When We Have to Wait

James 1:17
Every generous act of giving, with every perfect gift, is from above, coming down from the Father of lights, with whom there is no variation or shadow due to change.

I’d like to say that I hate to waste time. I mean, I can sit in meetings and fume at how slow everything goes and what inane questions others ask. I can be just as impatient with Father God Who is — according to my way of thinking — working much too slowly and holding me back from my life’s ambitions.

The fact is, I hate to wait. But, if I am truly honest, it’s more that I want to control my time and my efforts. I want to lallygag and waste time when I want to

do it and I want to get moving and get things done on my own terms. What I’m beginning to realize is that God often gives us “down time” as a gift, as a time for us to turn from the busyness of our own lives (and our own agendas) to, instead, focus on Him (which is what we should have been doing in the first place) or to prepare us for the unseen times ahead. In fact, what I see as hindrances to my plans (and to what I think are His plans) may actually be His working in my life to refocus me on His priorities and His will, rather than my own.

I know that God works everything for my good according to His own will and His infinite resources (Romans 8:28). I also know that everything He gives to me is perfect according to His holy character. But in those times when I seem to be thwarted in my own designs, it’s difficult to give up my dreams and plans in order to understand that He is working His will in my life.

In a nutshell, it’s often hard to wait.

Over the past years, American society has seen enormous financial changes. People who were firmly on career tracks are unemployed. Many who were happily settled in their homes are now renting elsewhere. Retirement plans are adrift. There are those who are wondering if God forgot us? Or if this some kind of punishment for social sins? And yet, what if it is neither? What if this seeming upheaval is simply His perfect gift of time and refocus so that we can again look to Him instead of ourselves for our riches?
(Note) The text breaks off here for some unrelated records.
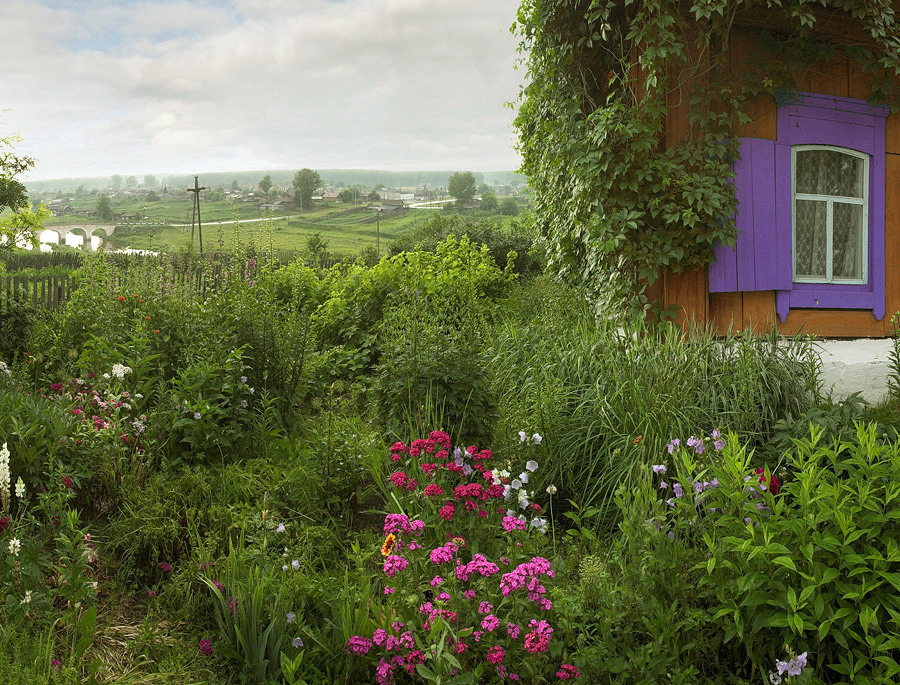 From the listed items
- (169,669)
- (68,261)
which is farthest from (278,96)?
(169,669)

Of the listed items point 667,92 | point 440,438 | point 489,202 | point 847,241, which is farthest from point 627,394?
point 489,202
A. W. Tozer wrote: “Earthly riches cannot procure human happiness.” And while all of us would heartily agree, likely many of our errant thoughts run to the idea of somehow getting “just enough” money to live worry-free. A better job. Winning the lottery. Receiving an inheritance. Watching the stock market soar. When, in fact, happiness cannot — cannot — be tied to happiness because happiness only come with shalom — peace with God. And money cannot buy that.
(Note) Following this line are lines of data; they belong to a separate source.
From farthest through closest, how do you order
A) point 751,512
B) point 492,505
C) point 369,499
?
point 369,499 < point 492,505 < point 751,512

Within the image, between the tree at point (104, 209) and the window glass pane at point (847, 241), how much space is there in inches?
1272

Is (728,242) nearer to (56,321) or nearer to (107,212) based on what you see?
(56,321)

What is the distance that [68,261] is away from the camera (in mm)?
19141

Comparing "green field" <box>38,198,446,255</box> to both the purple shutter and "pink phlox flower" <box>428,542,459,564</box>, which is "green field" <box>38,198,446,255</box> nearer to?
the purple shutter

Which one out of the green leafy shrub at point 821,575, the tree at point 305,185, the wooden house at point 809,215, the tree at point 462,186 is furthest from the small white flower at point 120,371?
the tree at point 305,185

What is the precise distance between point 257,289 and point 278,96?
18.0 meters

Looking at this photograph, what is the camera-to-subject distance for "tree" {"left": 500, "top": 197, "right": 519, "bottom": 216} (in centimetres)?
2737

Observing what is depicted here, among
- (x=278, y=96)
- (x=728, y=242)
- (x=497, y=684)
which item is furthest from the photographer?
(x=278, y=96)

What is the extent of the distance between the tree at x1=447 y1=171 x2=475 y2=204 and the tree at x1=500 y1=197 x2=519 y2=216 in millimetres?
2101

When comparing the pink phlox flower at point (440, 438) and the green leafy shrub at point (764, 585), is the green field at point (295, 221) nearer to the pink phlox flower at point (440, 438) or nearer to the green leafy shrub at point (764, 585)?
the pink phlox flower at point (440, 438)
Unfortunately, so much of our contemporary doctrine focuses upon having a “perfect” life here and now: good health, prosperity, the American dream (our own home and a chicken in the pot on Sunday afternoon). And we can become so centered on asking God for these things that we forget our entire purpose in life: to go into the world and preach the gospel. Our job isn’t to provide for us; that’s God’s job. OurJob is to tell others of His marvelous grace, mercy, and love. Our job is to warn others of their future while God takes care of our present. The fact is, every encounter that we have in life should have only one purpose: to look for that opportunity to share the gospel. We often pray in church for God to bring in those who would come to hear the message. We’ve got it all backwards. We need to go out and share, invite, love, and witness. If we do that, God will very perfectly take care to give us every gift that we need for everything else.